● Your assignment
Would you reproduce the whole listing exactly, minus its images?

● Given data
--- START ---
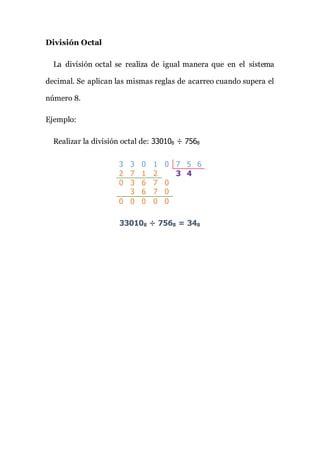 Operaciones Básicas con el Sistema Octal PDF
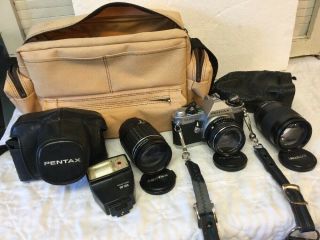 Fine Vintage Pentax Mg 35mm Camera Full Outfit With 3 Takumar Lenses & Flash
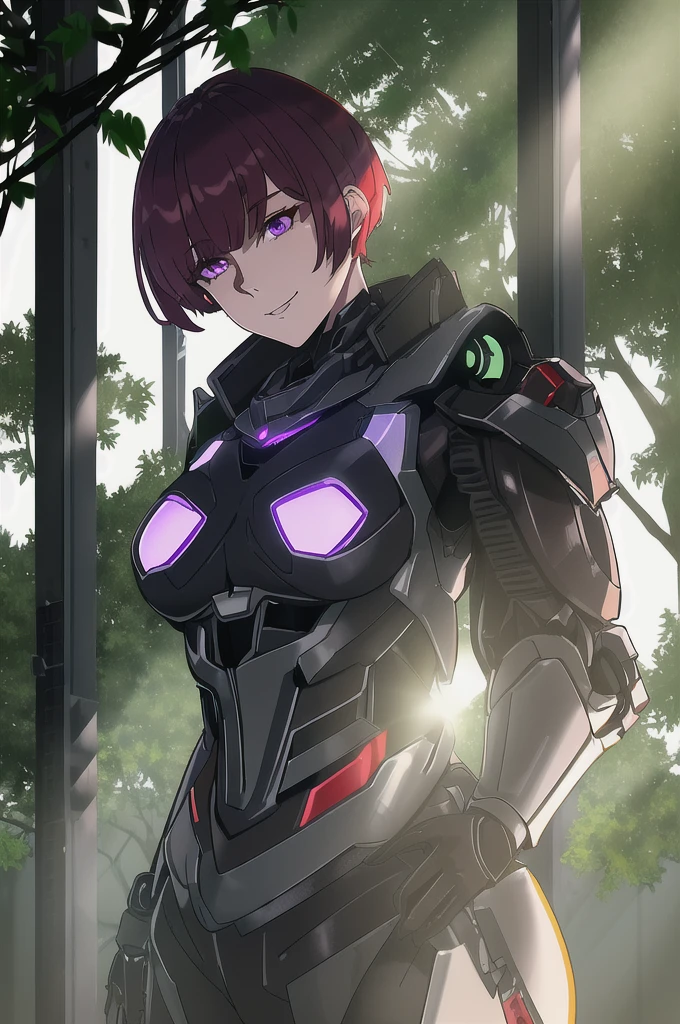 md-mech, metallic workshop, plants, vegetation, weak lights and shadows, sunlit, tree canopy, - upper body, mech-girl, md-mech, medium breasts, red short hair, violet eyes, evil smiling, looking viewer, standing stylish, hand on hips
--- END ---
● Worked solution
 Operaciones Básicas con el Sistema Octal PDF
 Fine Vintage Pentax Mg 35mm Camera Full Outfit With 3 Takumar Lenses & Flash
 md-mech, metallic workshop, plants, vegetation, weak lights and shadows, sunlit, tree canopy, - upper body, mech-girl, md-mech, medium breasts, red short hair, violet eyes, evil smiling, looking viewer, standing stylish, hand on hips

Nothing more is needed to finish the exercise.